Other common signs include: unusual moodiness, nervousness or anxiety.
More than 25 percent of women and 14 percent of men first experience intimate partner violence before the age of 18, according to the CDC. For Wolfork, her brush with teen dating violence was from her high school boyfriend.
“It just went from ‘this is so sweet,’ to a slow escalation over time,” Wolfork said. “It was extremely taxing for me.”
Now, Wolfork uses recess activities to educate kids on healthy relationships. She said skills like accepting disappointment are valuable as they develop relationships — romantic or otherwise.
Smith emphasized boys can also be victims of intimate partner violence.

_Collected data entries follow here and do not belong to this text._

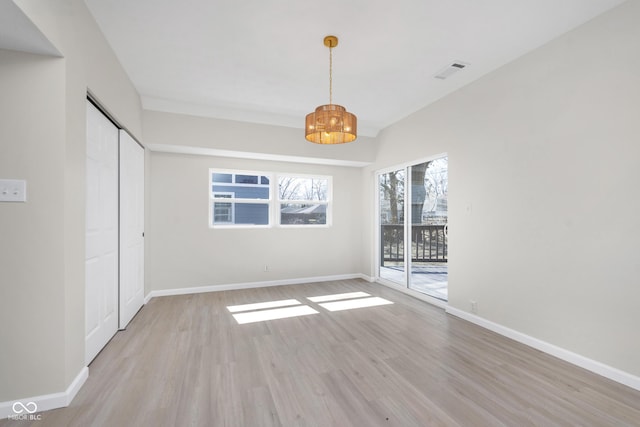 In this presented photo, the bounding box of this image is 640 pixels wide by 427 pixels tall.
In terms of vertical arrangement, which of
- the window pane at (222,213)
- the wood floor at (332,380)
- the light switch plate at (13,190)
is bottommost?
the wood floor at (332,380)

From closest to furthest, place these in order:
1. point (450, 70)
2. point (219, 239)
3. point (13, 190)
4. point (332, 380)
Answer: point (13, 190) < point (332, 380) < point (450, 70) < point (219, 239)

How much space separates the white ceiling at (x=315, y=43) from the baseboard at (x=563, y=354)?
2.76 m

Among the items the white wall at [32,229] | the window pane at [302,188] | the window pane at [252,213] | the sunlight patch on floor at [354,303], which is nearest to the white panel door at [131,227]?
the white wall at [32,229]

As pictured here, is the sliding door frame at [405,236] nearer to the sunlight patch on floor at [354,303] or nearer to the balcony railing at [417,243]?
the balcony railing at [417,243]

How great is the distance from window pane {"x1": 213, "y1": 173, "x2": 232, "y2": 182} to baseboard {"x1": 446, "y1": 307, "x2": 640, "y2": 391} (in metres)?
4.02

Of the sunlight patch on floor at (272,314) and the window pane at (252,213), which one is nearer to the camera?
the sunlight patch on floor at (272,314)

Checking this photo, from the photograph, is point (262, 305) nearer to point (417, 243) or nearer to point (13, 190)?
point (417, 243)

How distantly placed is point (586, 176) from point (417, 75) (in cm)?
189

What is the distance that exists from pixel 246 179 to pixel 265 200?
0.49m

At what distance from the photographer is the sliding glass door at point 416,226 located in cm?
397

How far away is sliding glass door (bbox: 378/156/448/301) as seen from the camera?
13.0 feet

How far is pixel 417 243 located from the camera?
440 cm

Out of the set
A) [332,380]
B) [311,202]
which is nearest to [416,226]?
[311,202]

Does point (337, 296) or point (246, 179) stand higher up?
point (246, 179) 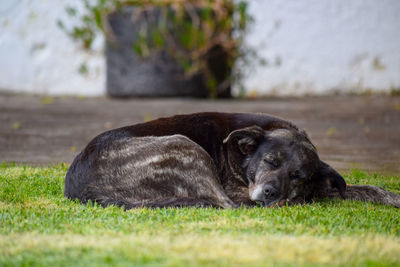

“I believe parents are dismissive … by not understanding that boys can be in an abusive relationship,” Smith said. “Boys can be extra ashamed to come forward.”
The panelists’ advice for teens who may be experiencing intimate partner violence is to reach out to a trusted adult, like a teacher or parent. Also, often the victim’s friends, in addition to family and teachers, can see when something is wrong. So, Smith and Hill Stawick encourage them to speak up.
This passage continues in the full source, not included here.